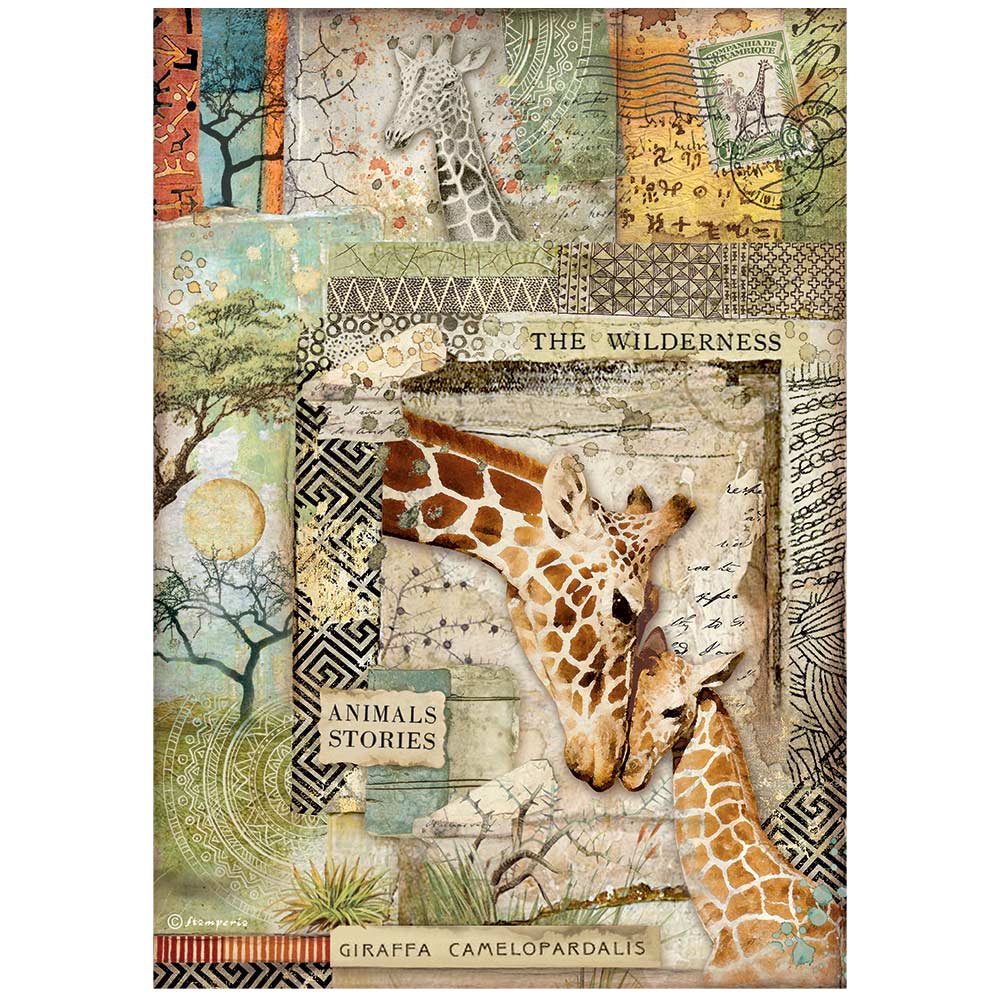 Stamperia Rice Paper Sheet A4 - Savana Giraffe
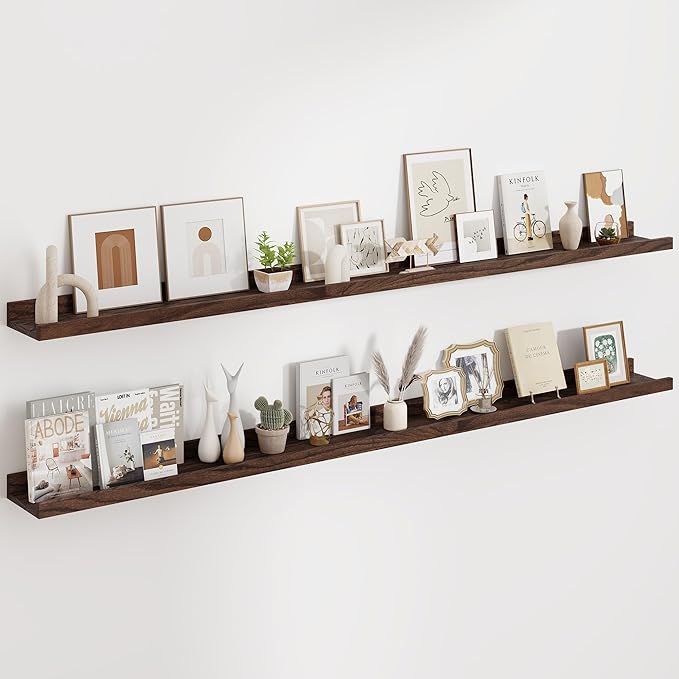 Floating Picture Ledge Shelves 72 Inch Solid Oak Wood Set of 2, Rustic Wall Storage Shelves with Lip, Kids Bookshelf, Photo & Picture Ledge Shelves for Bedroom, Living Room, Kitchen-Ruum Studio Home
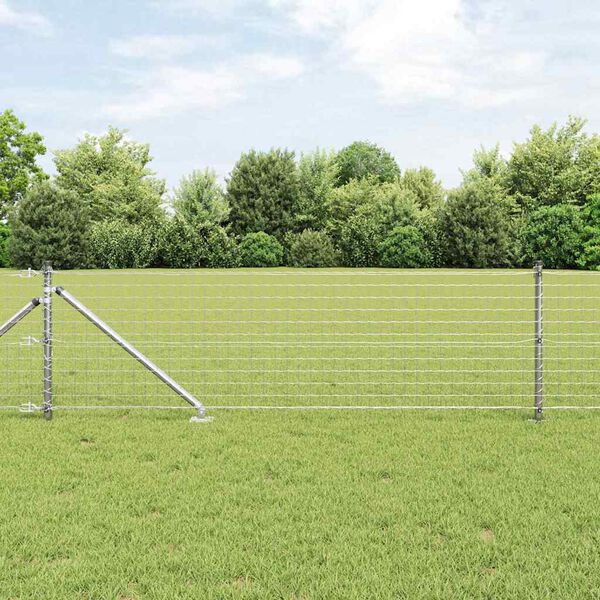 vidaXL Fence with Post Silver 0.4 x 10 m Steel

- - - -

_What needs to be done_: Everything in the material above must be repeated exactly, apart from its pictures.

_Response area_:
 Stamperia Rice Paper Sheet A4 - Savana Giraffe
 Floating Picture Ledge Shelves 72 Inch Solid Oak Wood Set of 2, Rustic Wall Storage Shelves with Lip, Kids Bookshelf, Photo & Picture Ledge Shelves for Bedroom, Living Room, Kitchen-Ruum Studio Home
 vidaXL Fence with Post Silver 0.4 x 10 m Steel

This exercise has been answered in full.